Buste de Louis Pasteur, par Naoum Aronson, 1987

En 1972, Philippe Kourilsky entre à l’Institut Pasteur où il mènera l’ensemble de sa carrière. Ses contributions majeures portent sur la génétique moléculaire et sur l'immunologie. Il est l’un des précurseurs du génie génétique. En 1985, il crée l'unité "Biologie moléculaire du gène" qu’il dirige jusqu’en 2002. Ses travaux jettent un nouvel éclairage sur les mécanismes moléculaires qui gouvernent la réponse immunitaire, permettant la surveillance immunitaire de patients atteints notamment de cancers et de maladies auto-immunes. Philippe Kourilsky dirige l’Institut Pasteur de 2000 à 2005.

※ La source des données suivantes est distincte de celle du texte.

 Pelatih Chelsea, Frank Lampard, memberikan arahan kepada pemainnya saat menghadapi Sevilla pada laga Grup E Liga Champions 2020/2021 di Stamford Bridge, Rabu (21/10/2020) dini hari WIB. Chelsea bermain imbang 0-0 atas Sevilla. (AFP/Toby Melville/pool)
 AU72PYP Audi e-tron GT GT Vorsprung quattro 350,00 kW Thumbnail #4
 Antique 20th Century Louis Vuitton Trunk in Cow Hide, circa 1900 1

La génétique humaine connaît des avancées importantes avec les travaux menés par Tomasso Meo, directeur de l’unité 276 "Expression des gènes du complexe majeur d'histocompatibilité" à partir de 1985. Marc Fellous lui succède, à son décès, en 1995, l’intitulé de l’unité devenant "Régulation de l'expression génétique et pathologie moléculaire" puis "Génomique fonctionnelle et développement" (2000-2004). Les mécanismes génétiques de la détermination du sexe chez l’homme et ses anomalies ont constitué un nouveau champ de recherche, que l’on doit à Marc Fellous et à ses collaborateurs.

Immuno-hématologie

James Di Santo dirige l'unité Inserm 668 "Physiopathologie du système immunitaire” depuis 2005. Il cherche à définir les signaux moléculaires qui permettent le développement des lymphocytes et des réponses immunitaires. Il étudie également le rôle joué par les cytokines dans la lymphopoïèse et l’homéostasie.

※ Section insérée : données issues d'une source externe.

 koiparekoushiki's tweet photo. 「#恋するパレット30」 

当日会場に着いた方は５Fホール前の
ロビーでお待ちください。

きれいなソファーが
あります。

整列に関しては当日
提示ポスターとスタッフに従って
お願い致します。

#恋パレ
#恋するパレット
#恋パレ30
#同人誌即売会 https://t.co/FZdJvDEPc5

Neurologie, otorhinolaryngologie

Henri Korn dirige l'unité 261 "Biologie cellulaire et moléculaire du neurone" de 1983 à 2000, spécialisée dans l'étude de la transmission synaptique. Il a notamment exploré les mécanismes de libération des neurotransmetteurs dans les synapses centrales.

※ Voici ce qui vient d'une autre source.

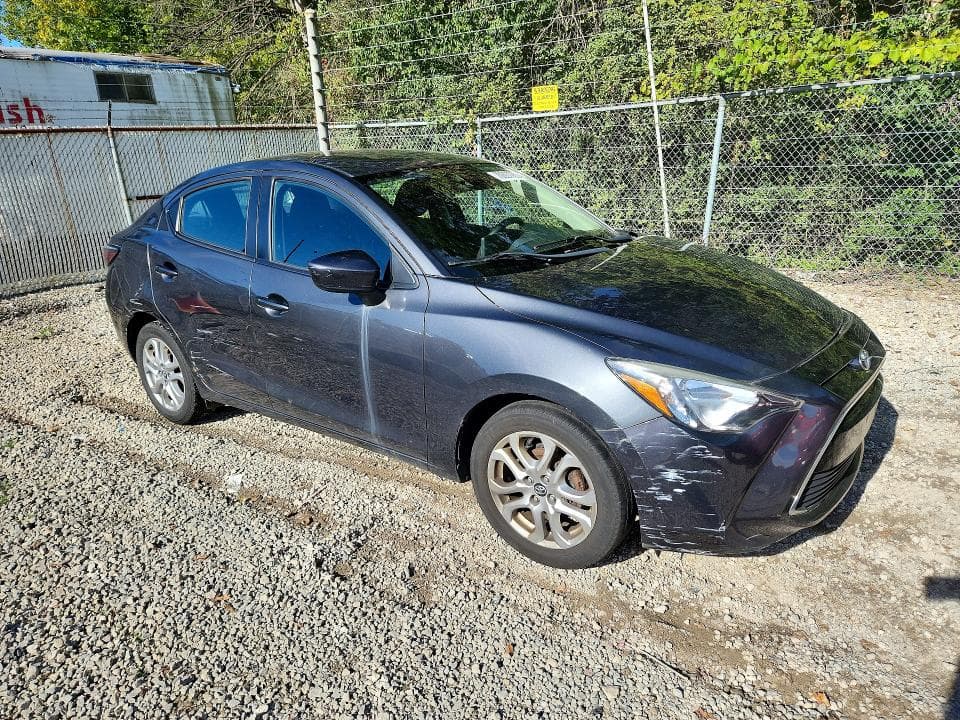 2017 TOYOTA YARIS IA BASE 4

Chercheur à l’Institut Pasteur depuis le début des années 1970, Christine Petit y mène toute sa carrière. A la fin des années 1990, elle identifie des gènes responsables de surdités. L’unité de recherche Inserm "Génétique des déficits sensoriels", qu’elle dirige de 2003 à 2010, est à l’origine d’avancées majeures dans la connaissance de ces gènes, mais également de la pathogénie de ces atteintes et de la physiologie moléculaire du système auditif.

Inflammation pulmonaire

Bernardo-Boris Vargaftig dirige l'unité 285 "Pharmacologie des médiateurs de l'inflammation et de la thrombose" (1985-1997) qui deviendra l'unité 485 "Biologie et pharmacologie cellulaire et moléculaire de l'inflammation pulmonaire" (1998-2001). Il s'intéresse au contrôle immunologique et pharmacologique des atteintes inflammatoires pulmonaires, allergiques, environnementales et infectieuses. Il a notamment mis en évidence le rôle du facteur d'activation plaquettaire (PAF acéther), un des principaux médiateurs de l'inflammation, dans l'agrégation des plaquettes.